La mort se doit d’être annoncée ; on accroche une branche de cyprès ou de sapin à l’entrée du domicile, car ce sont des arbres qui, une fois coupés, ne renaissent pas. On annonce aussi la mort de manière sonore, par une musique bruyante et dissonante.
Les premiers soins au mort
Ce sont les femmes avant tout qui prennent soin des morts. Elles (mère ou épouse) recueillent l’âme du mort par un dernier baiser, avant de lui clore les yeux (oculus condere) qui sont le miroir de l’âme. Vient ensuite la clamatio : on crie fort le nom du mort à plusieurs reprises pour le saluer symboliquement mais aussi pour une raison pragmatique : vérifier qu’il ou elle est bel et bien passé/e de vie à trépas ! On placera aussi le corps sur les genoux pour l’observer et vérifier les signes mortuaires.
Viennent ensuite les soins qui précèdent l’exposition du corps, un traitement (toujours effectué par des femmes ou des esclaves) qui consiste à enduire le corps d’onguents pour lui donner une bonne odeur : parfums orientaux, myrrhes encens, cannelle, cèdre ou camphre ; il s’agit d’odeurs fortes destinées à couvrir celles de la putréfaction. Pour les plus riches, un bain de miel, antibactérien, pourra être effectué. Certains corps étaient par ailleurs saumurés. Après les soins, une pièce de monnaie est placée dans la bouche du cadavre pour permettre au défunt de payer à Charon le passage du Styx, fleuve des enfers. Les Romains ne pratiquent pas ou peu l’embaumement des corps
Suit enfin le maquillage qui simule de nouveau les signes de vie : lèvres rouges, joues roses. Et, toujours très importante pour les Romains, la tenue vestimentaire du corps est celle de la plus haute fonction occupée par le défunt de son vivant.
Cérémonies funéraires romaines
C’est d’abord une cérémonie domestique qui théâtralise le chagrin : les femmes de la maisonnée crient leur douleur, s’arrachent les cheveux, les enduisent de boue, les mères se griffent la poitrine et le ventre…
Ensuite le corps d’un notable romain est emporté au forum pour l’exposition publique, avec éloge funèbre et autres hommages rendus au disparu. Il arrive cependant que cette exposition publique du corps se retourne contre les personnages impopulaires, comme le père de Pompée dont le corps a été défiguré par la foule et suspendu à un croc.

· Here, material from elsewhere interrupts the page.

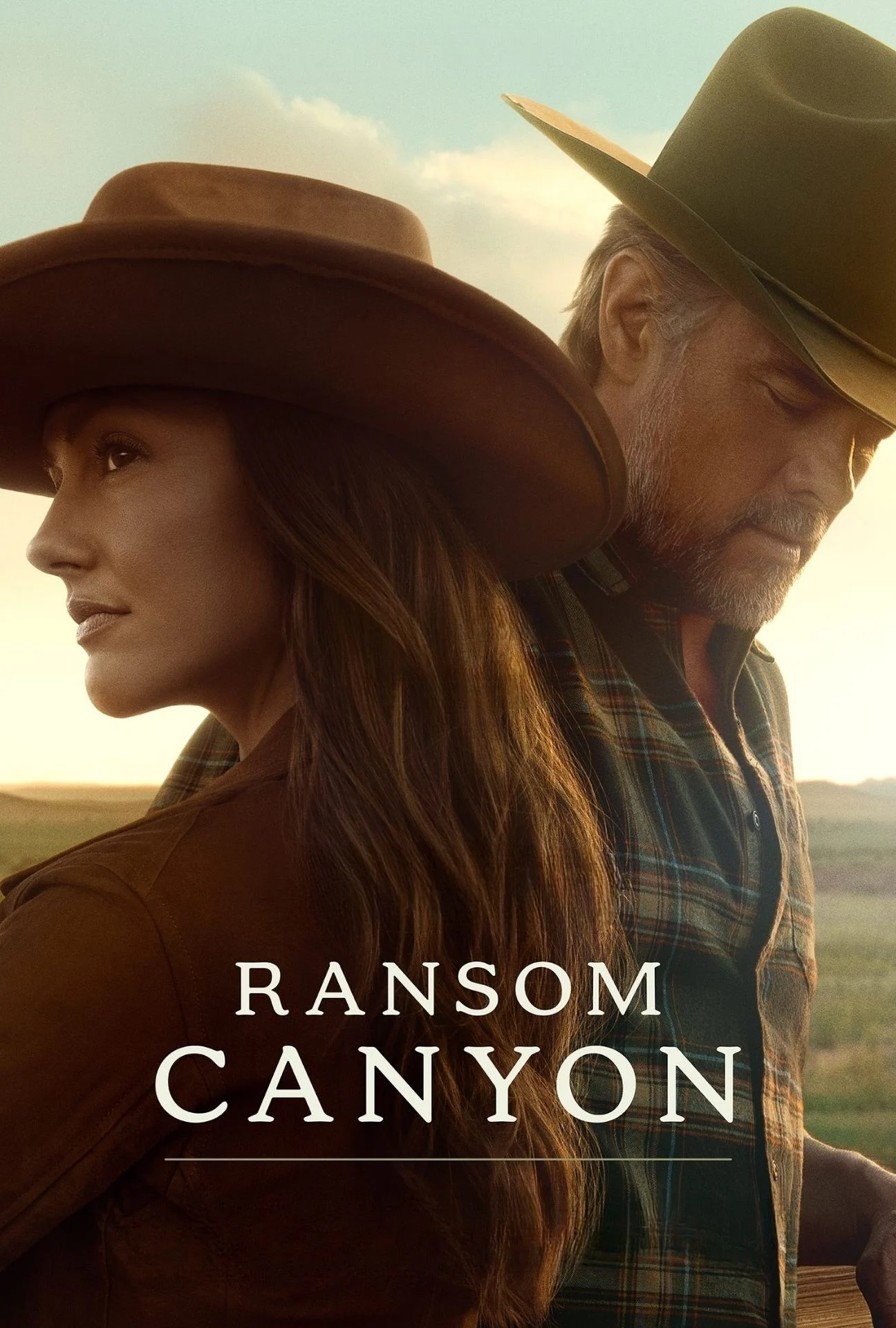 Phim Ransom Canyon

Enfin vient le convoi funéraire (accompagné de pleureuses professionnelles) vers l’inhumation ou l’incinération, toujours en dehors de la ville. Sous la République, les Romains privilégiaient plutôt la crémation avant de se tourner davantage vers l’inhumation mais cela dépend des familles et des périodes. A l’époque des guerres civiles, on préfère la crémation pour éviter la profanation des corps.
Incinération ou inhumation
L’incinération relève de tout un processus ; le bûcher fait quasiment figure de dernière demeure à l’image de la gloire du mort, presque un palais s’il s’agit d’un empereur ; qui plus est, le bûcher se doit être efficace car tout le corps doit être incinéré, faute de quoi l’âme du mort pourrait hanter les vivants. On alimente le feu avec des offrandes, bijoux, cheveux, larmes. Ensuite on recueille les cendres et on les place dans la sépulture ; même les cendres doivent être recouvertes de terre.
Les nécropoles romaines, en dehors de la ville, sont parfois en bord de route, comme le long de la via Appia à Rome.
La famille du défunt reviendra régulièrement sur la tombe, fleurir et même verser parfums, boissons, nourritures par les conduits de libation qui mènent au cercueil ou à l’urne cinéraire, en particulier lors des parentalia (fêtes en l’honneur des ancêtres), une fois par an.